Entries below include pictures. Output exactly the lines from the one with "Willshela Women Fashion" down to the one with "Variant 26 of", both ends included, and leave the pictures out.

Dataset records:
• • •

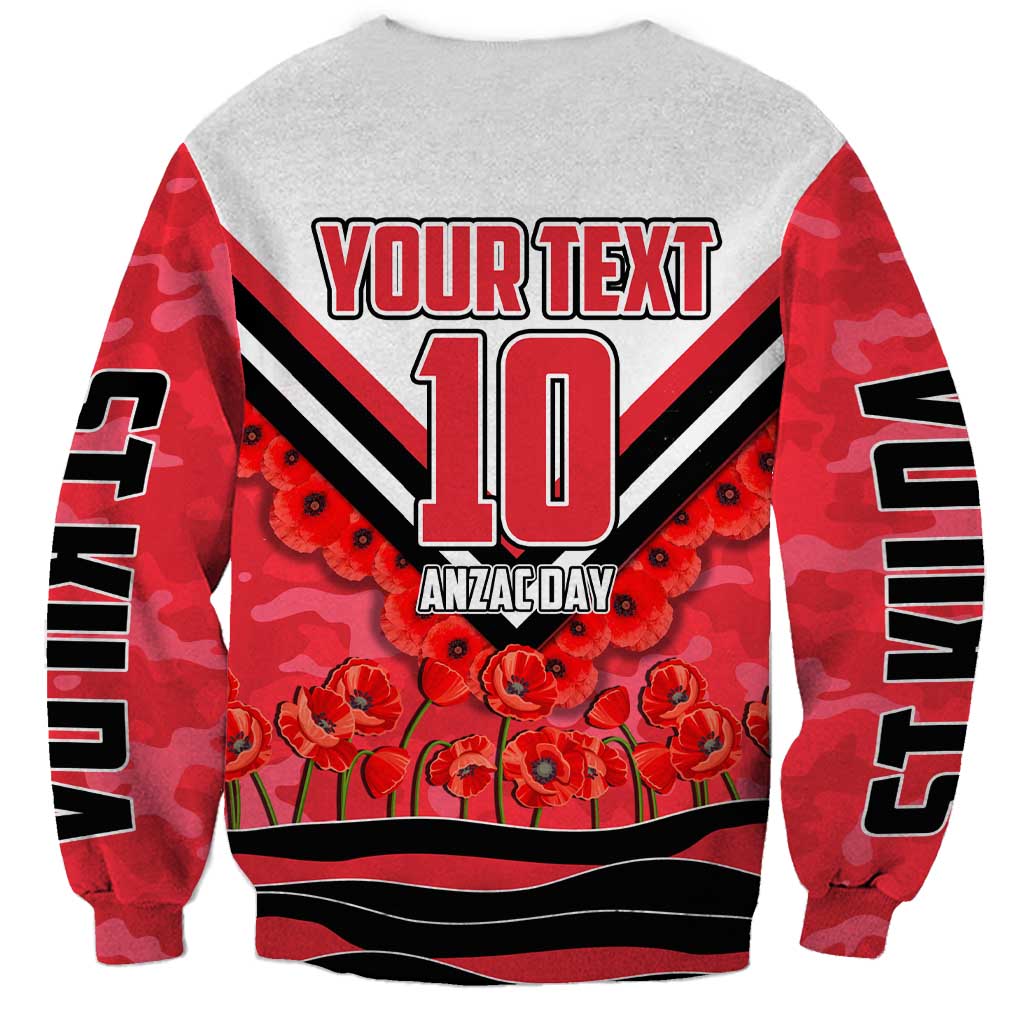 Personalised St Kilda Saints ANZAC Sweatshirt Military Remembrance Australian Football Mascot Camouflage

• • •

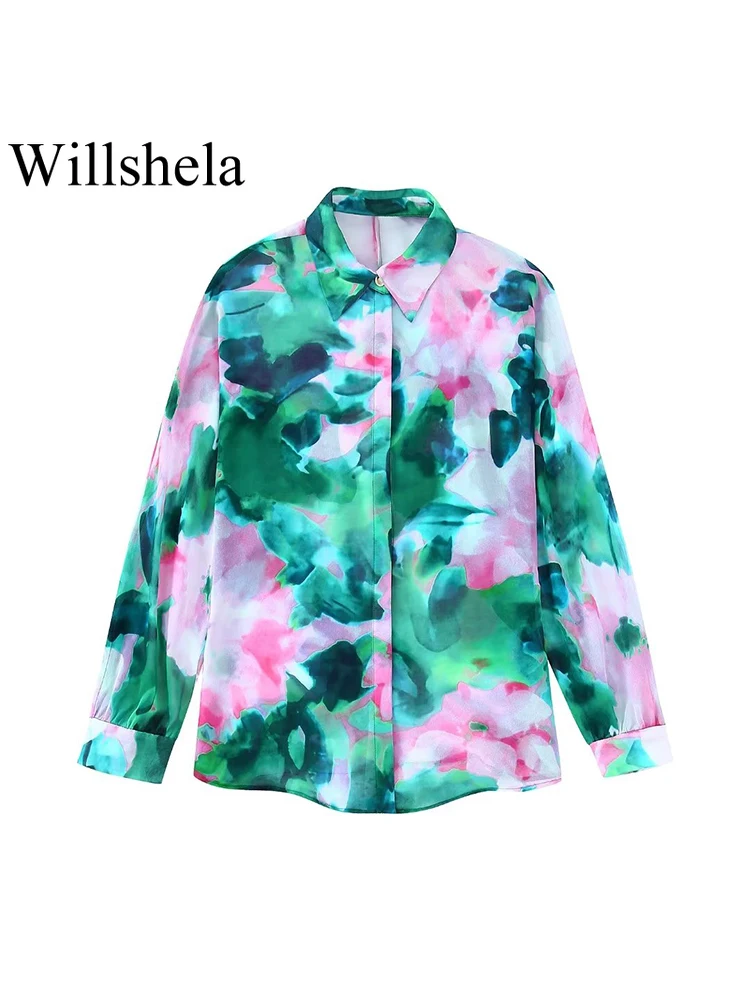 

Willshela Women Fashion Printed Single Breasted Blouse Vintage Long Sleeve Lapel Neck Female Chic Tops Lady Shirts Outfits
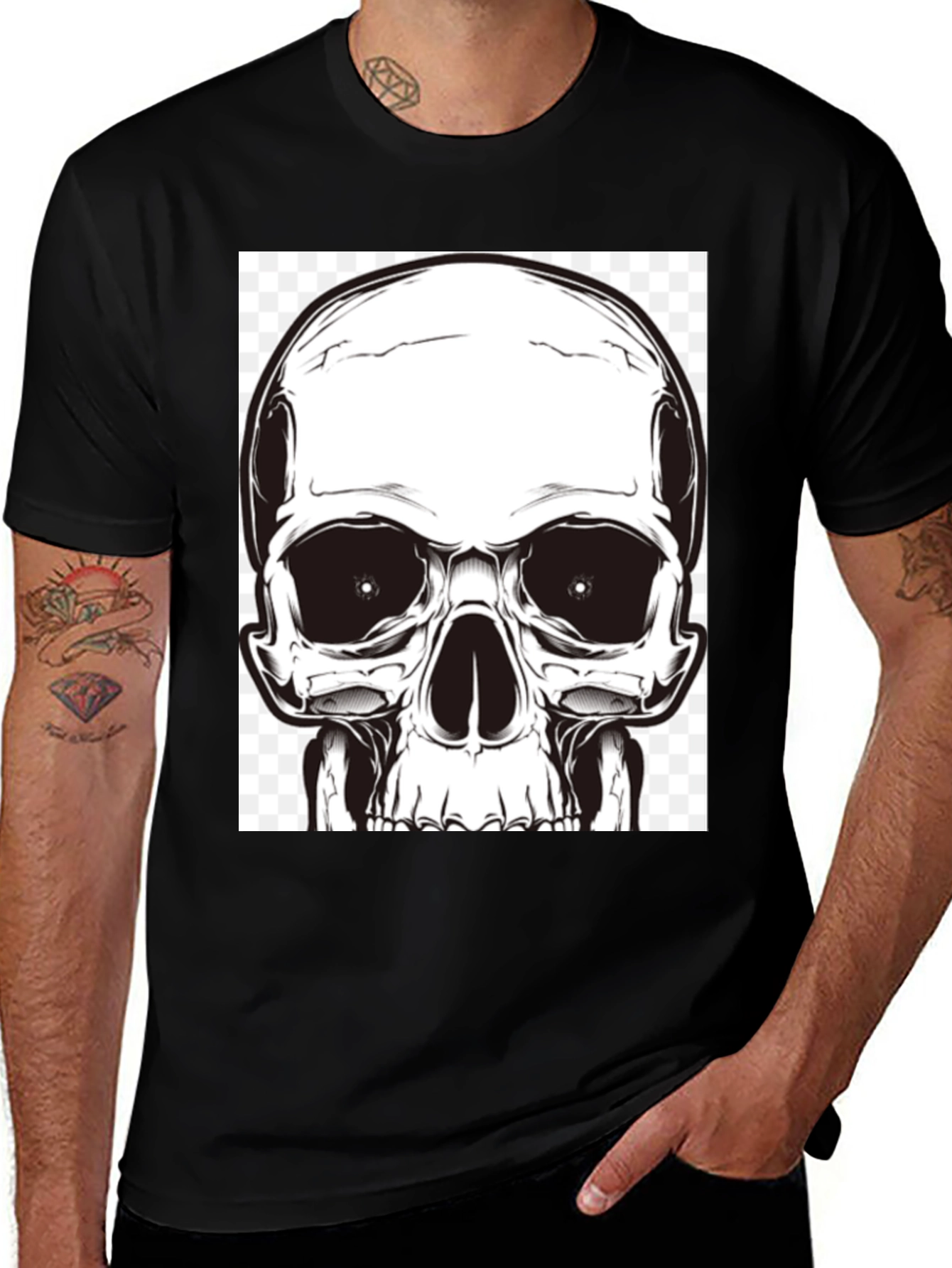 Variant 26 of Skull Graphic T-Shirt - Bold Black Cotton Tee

• • •

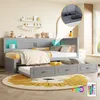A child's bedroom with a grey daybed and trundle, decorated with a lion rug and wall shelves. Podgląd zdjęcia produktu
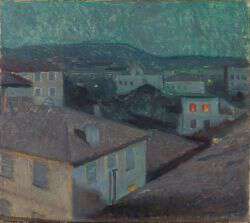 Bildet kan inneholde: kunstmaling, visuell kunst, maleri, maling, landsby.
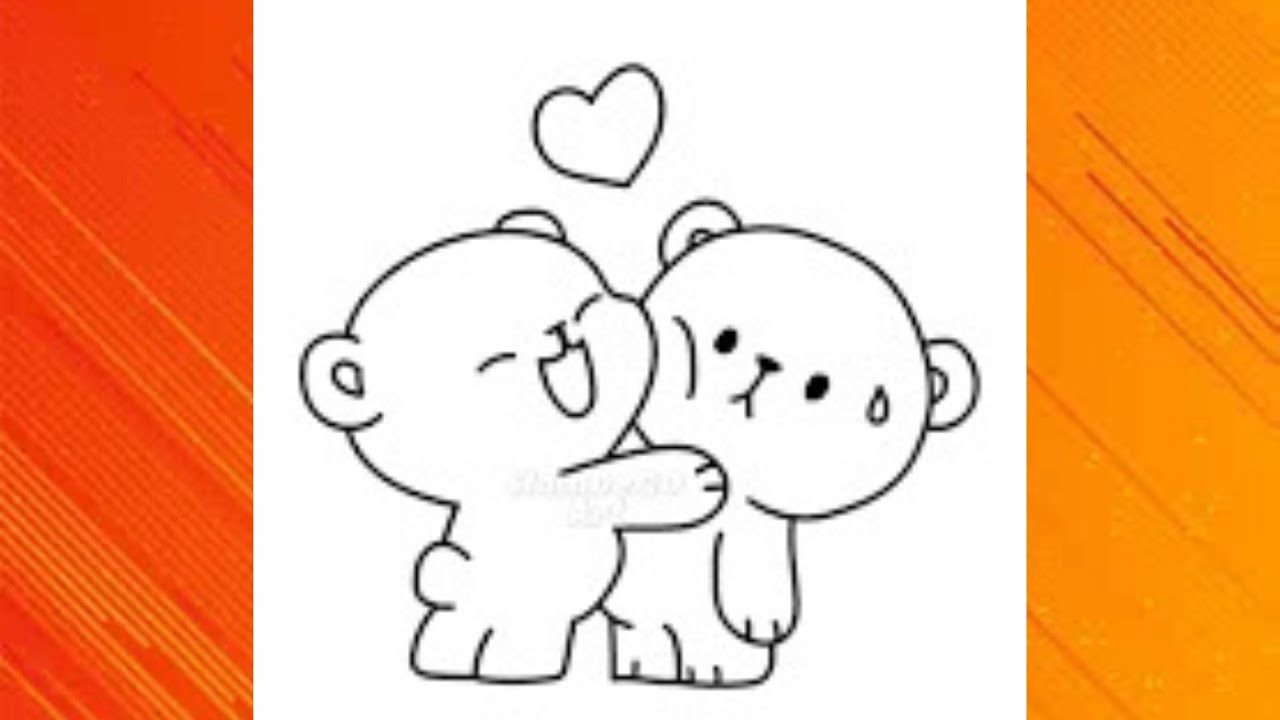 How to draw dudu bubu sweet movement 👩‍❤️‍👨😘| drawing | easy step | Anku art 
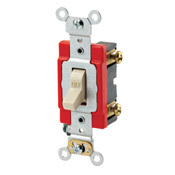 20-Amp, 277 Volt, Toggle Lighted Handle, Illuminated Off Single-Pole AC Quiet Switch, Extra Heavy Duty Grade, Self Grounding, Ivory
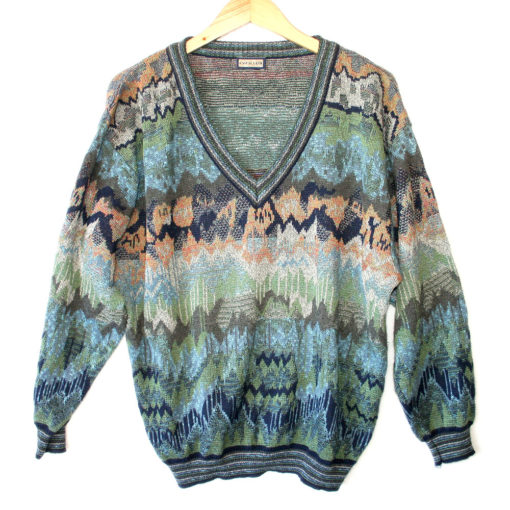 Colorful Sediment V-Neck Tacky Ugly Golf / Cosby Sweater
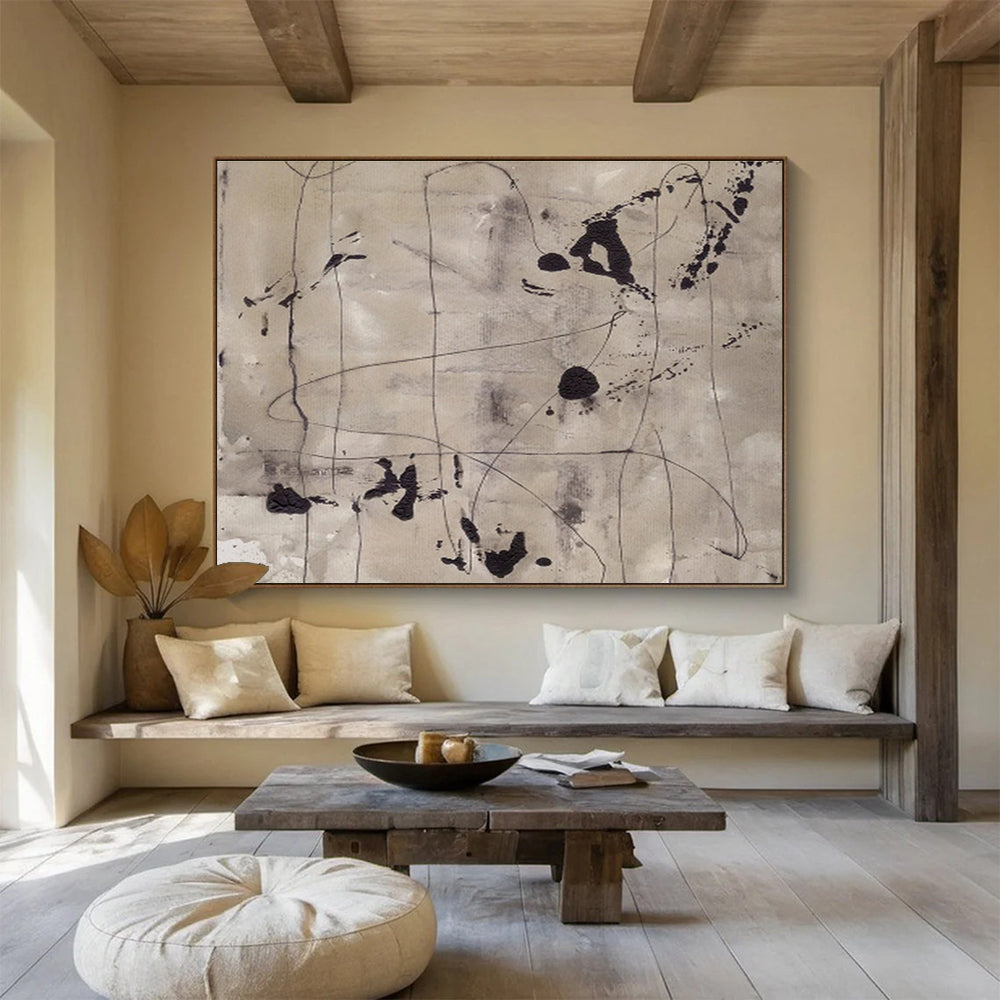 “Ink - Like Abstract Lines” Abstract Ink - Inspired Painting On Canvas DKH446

• • •

Finished exercise:
Willshela Women Fashion Printed Single Breasted Blouse Vintage Long Sleeve Lapel Neck Female Chic Tops Lady Shirts Outfits
 Variant 26 of Skull Graphic T-Shirt - Bold Black Cotton Tee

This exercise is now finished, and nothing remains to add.